- Asyrmatos Location within Athens
- Coordinates: 37°58′10″N 23°42′55″E﻿ / ﻿37.96944°N 23.71528°E
- Country: Greece
- Region: Attica
- City: Athens
- Postal code: 118 51, 118 52
- Area code: 210
- Website: www.cityofathens.gr

= Asyrmatos, Athens =

Asyrmatos (Ασύρματος /el/) or Attaliotika (Ατταλιώτικα /el/) is a neighborhood of the center of Athens, Greece. It is located in the west slopes of Philopappos Hill, next to Ano Petralona district. It is technically part of Petralona.

Asyrmatos was named after a transmitting antenna of Greek Navy (asyrmatos being the Greek word for 'wireless'). This area was an old quarry where refugees from Asia Minor were settled, after the Asia Minor Disaster.
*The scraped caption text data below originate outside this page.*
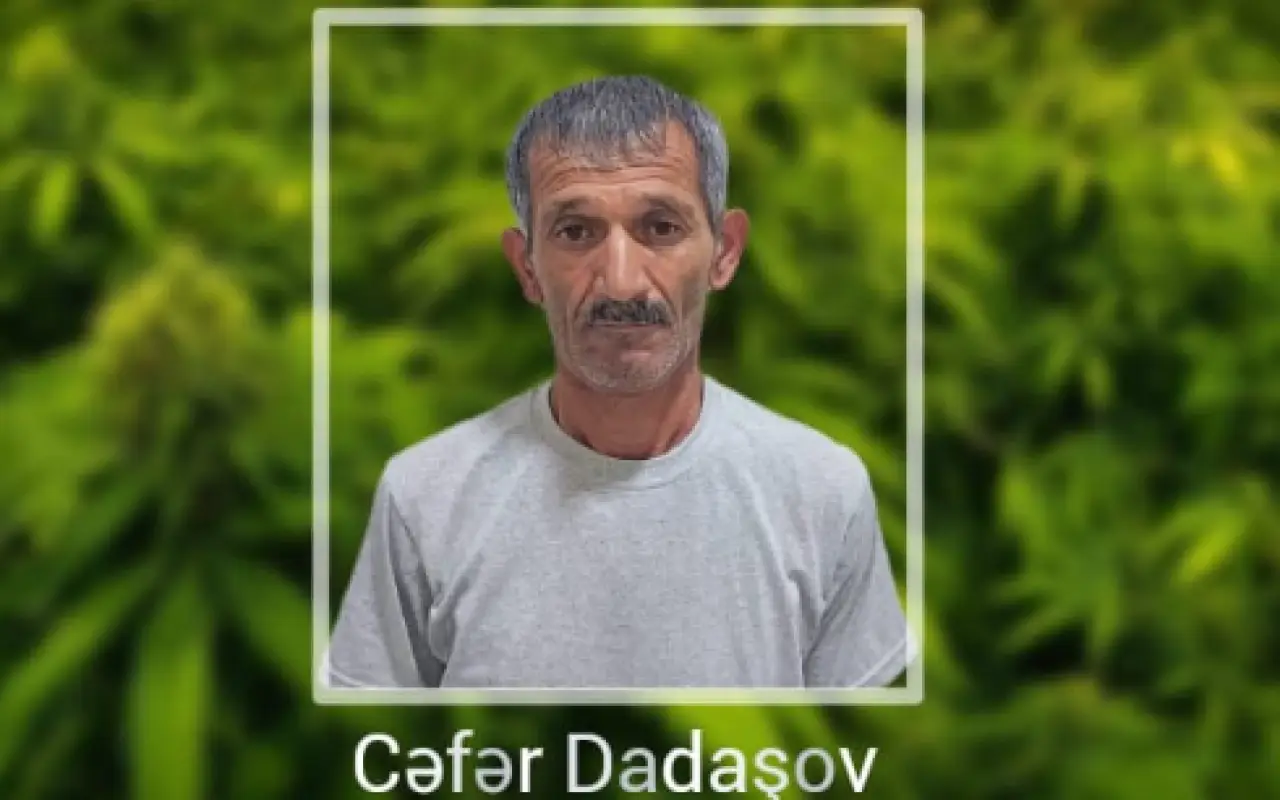 Həyətində narkotik bitkilər yetişdirən şəxs saxlanılıb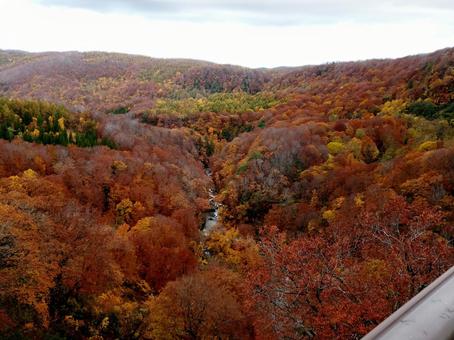 城ヶ倉大橋の紅葉(青森県青森市) 紅葉,もみじ,秋の写真素材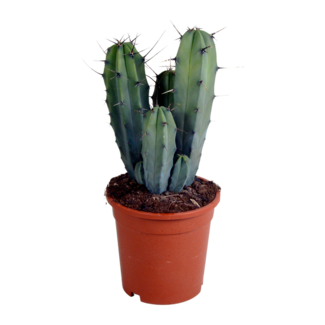 Myrtillocactus geometrizans 17 cm - zonder pot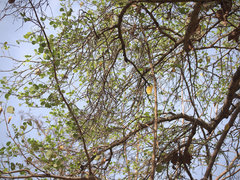 Bauhinia racemosa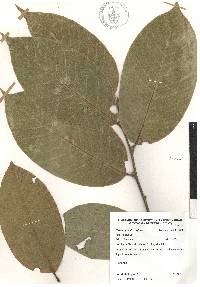 Image of Castanopsis diversifolia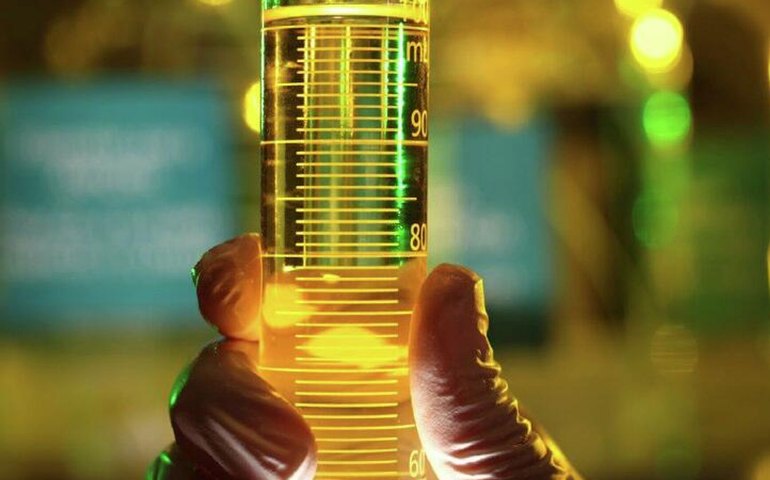 Petrobras supera meta de produção de óleo em 2025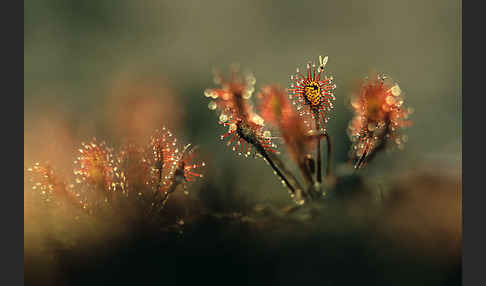 Rundblättriger Sonnentau (Drosera rotundifolia)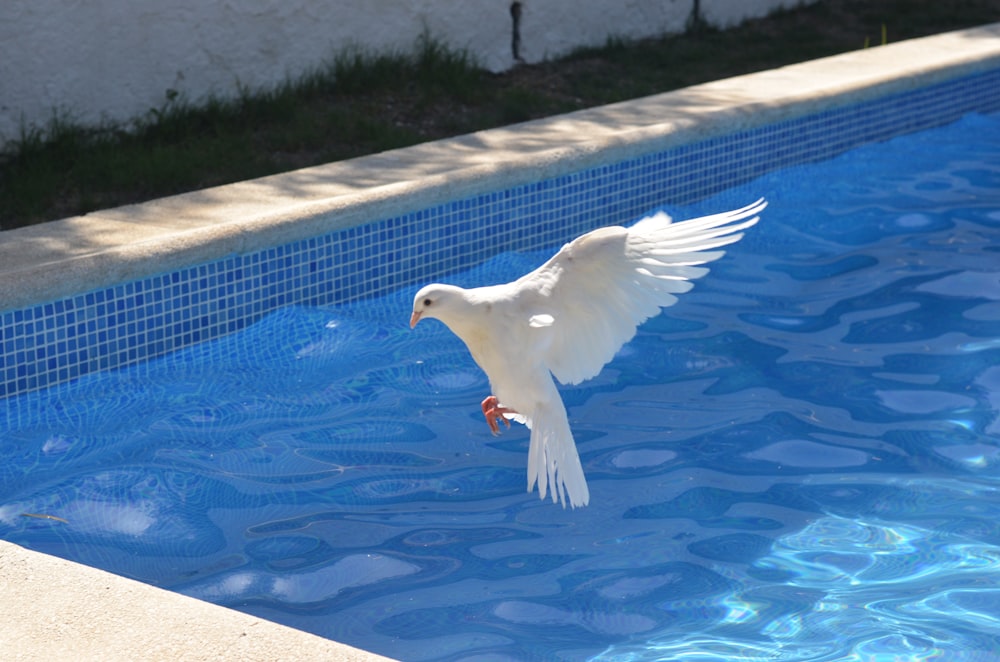 pájaro blanco en una superficie de concreto blanco cerca de la piscina durante el día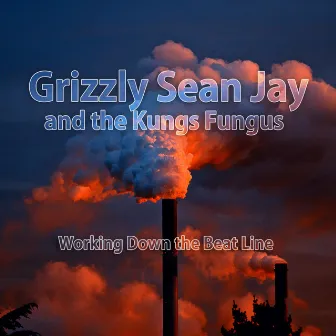 Working Down the Beat Line by Grizzly Sean Jay and the Kungs Fungus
Most of the refugees came from Attaleia, so the other name for this district is Attaliotika. The new settlement was built with rough and makeshift materials, giving it a characteristic slum-like appearance. During the Dekemvriana in 1944, the navy school and transmitting antenna were burnt down, leading the government to decide to accommodate the refugees in the old navy school facilities, with the building of stone houses and a block of flats.

Asyrmatos was used as natural scenery for the notable Greek neorealistic film Synoikia To Oneiro. The film was censored by the Greek authorities of the 1960s for depicting images of poverty and misery within Athens.